The husband starts to change, sneaking off to hunt all day, his voice different when he spoke. Then their daughter became suddenly fearful of him, as did the narrator. One day, when the narrator wakes up and finds that her husband is not next to her, she goes outside and witnesses him change from a wolf into a man. He then attacks their house and their daughter, but the whole pack of wolves descends on him and chases him. The narrator sees her daughter sink her teeth into the man who had been her father, killing him. The narrator says she wishes her husband would come back, the way he had been before, but all that remains is the dead body of the man.
‘The Wife’s Story’: analysis
‘The Wife’s Story’ has a shocking twist ending, although Le Guin plants several important clues earlier in the story whose significance, upon rereading it, becomes fully apparent. The ‘singing’ at Lodge Meetings which the husband excels at is actually the wailing of the wolves as their howl at the moon; the ‘Lodge Meeting’ is really the pack coming together to hunt. The narrator’s reference to the moon as the
source of her husband’s problem also makes sense when we bear in mind the close link between lycanthropy (werewolves) and the influence of the (full) moon.
But just as clever are the red herrings (as they turn out to be) which Le Guin also dangles throughout the story: the husband’s absences, for instance, are meant to make us think he is conducting an affair with another woman, but in fact his secret is even darker than this. Terms like ‘hunting trip’ are going to lead us to assume that the husband is a man with a gun rather than a wolf on the scent.
And for a wolf, the revelation that one’s husband is actually a human – or part-human, or human at least some of the time – is going to provoke distrust, fear, and unease, given the fact that wolves represent wilderness compared against man’s domestic habits (famously, man domesticated the dog, but the wolf remained free).
‘The Wife’s Story’ exploits our assumptions about the characters speaking to us (or being described to us) in order to make a point about how we view both ourselves and other species. Man is othered, defamiliarised, perhaps even dehumanised: viewed through the eyes of the lupine narrator, the man who was her husband in a sense becomes the animal, the outlier, and alien amidst the pack.
We might imagine what the story would be like if it had been written the other way, and the narrator had been human, with the shock at the end being the revelation that her human husband had transformed into a wolf which was then killed by the neighbours (and, perhaps, stabbed through the throat by the human daughter). By inverting this relationship between man and animal, ‘The Wife’s Story’ performs its own act of narrative lycanthropy, transforming us, man, the reader, into the wild animal amidst the ordered and hierarchical society of the wolves.

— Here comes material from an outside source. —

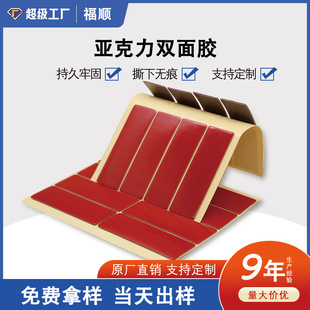 Die-cutting Acrylic Non-marking Double-sided Adhesive High Adhesive Transparent Double-sided Adhesive Home Doll Decoration Double-sided Adhesive Tape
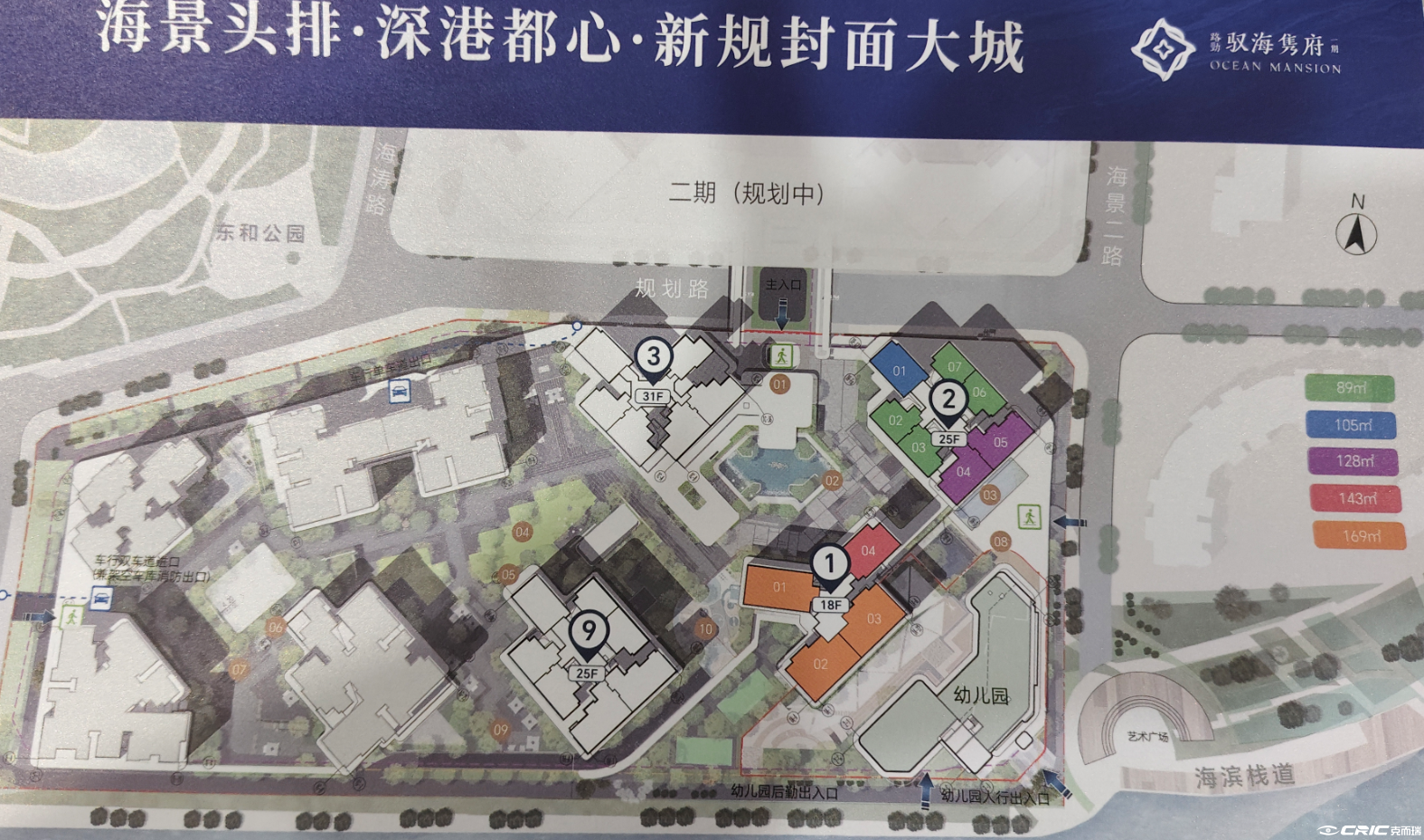 驭海隽府 效果图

Such narrative trickery, then, carries a serious point. It’s also something Le Guin was fond of doing: in an interview she pointed out that in her fantasy novel A Wizard of Earthsea she didn’t reveal that most of the novel’s main characters had darker skin, because she wanted her (predominantly white) readers to get to know the characters and then realise they were, in a sense, inhabiting a different colour ‘skin’. Similarly, in getting to know the narrator of ‘The Wife’s Story’ as she tells us about her life (and note the canny use of a deliberately vernacular style of speaking: the wolf speaks in ordinary colloquial language, complete with American slang and ‘improper’ grammar, to make her more ‘real’ and ‘normal’), we are more tempted to view the wolves with compassion and the man with fear, as we experience what they experienced.
In the last analysis, then, Le Guin’s narrator in ‘The Wife’s Story’ may be a wolf in woman’s clothing, as it were, but this is more than just a piece of literary sleight-of-hand. We might also analyse Le Guin’s story from a feminist perspective, with the violent husband who suddenly changes into a menacing threat inviting us to view such male violence from the perspective of the female character.